Sports is a coveted jewel for a couple of reasons. First, it’s premium content that fans will actually pay to add to their existing TV packages. I’m thrifty in many areas of my life, but savings be damned, I’m a subscriber to MLB Extra Innings so that I can see my Rockies play (I’ll switch this to MLB.TV next year to save a few bucks). Second, many fans watch the games live, making it fairly Tivo-proof. You’re probably going to end up watching the commercials. Advertising also pervades the games in a couple other ways. If you’re watching a baseball game, you’ll see company logos plastered on walls and behind home plate – there’s really no way to avoid seeing them if you want to watch the game. You’ll also see company logos during the broadcasts, and various companies sponsor trivia contest, plays of the game, and other specific content.

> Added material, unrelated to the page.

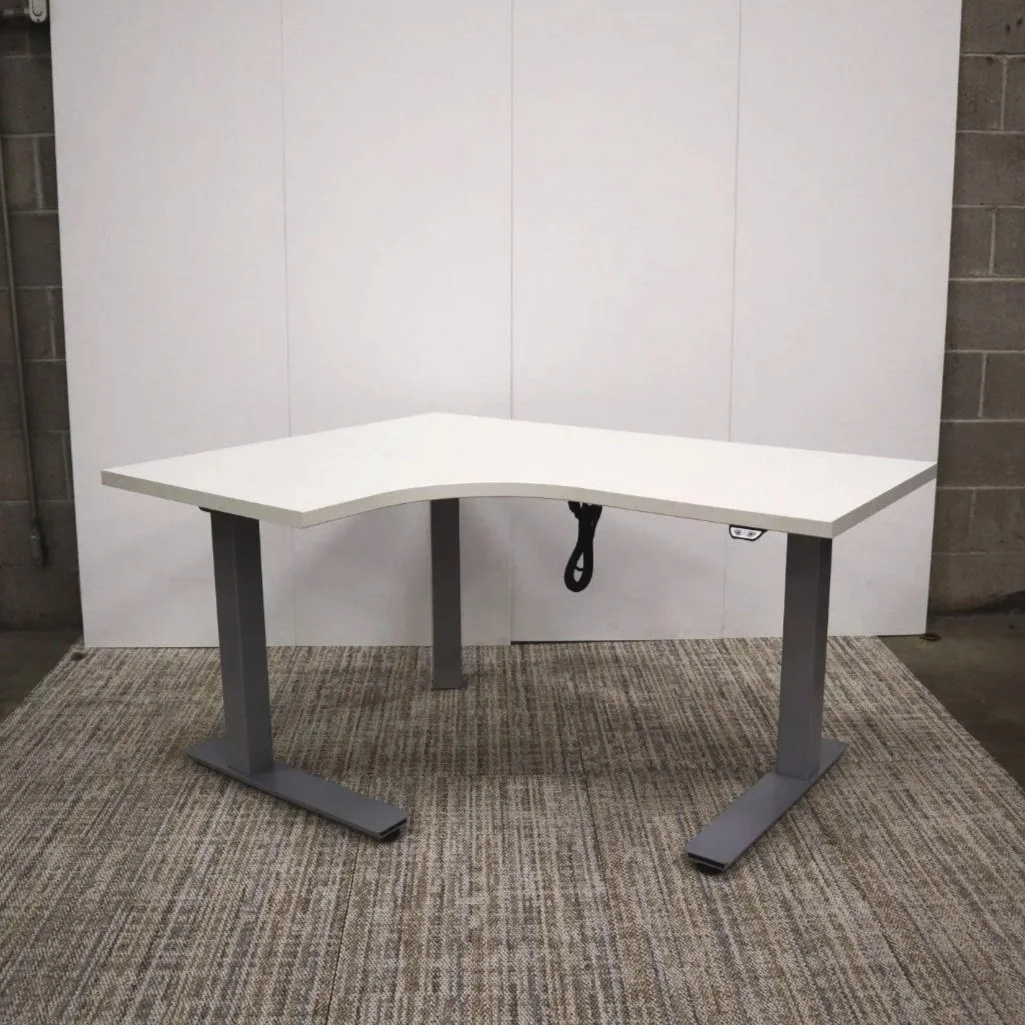 T5 | QTY : 1 | $200 | Height Adjustable Table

Bubble? – Of course, the big question is whether we’ve hit the bubble yet. Historically, it’s been very rare for an owner to sell a baseball team for less than what they paid. It may happen at some point in the future, but I don’t think we’re quite there yet. Over the coming years, even more people are going to watch games on their cell phones or tablets, exposing even more people to advertising.
Who wants to jump into my ownership group and buy a team right now? I’ll kick in the first $100!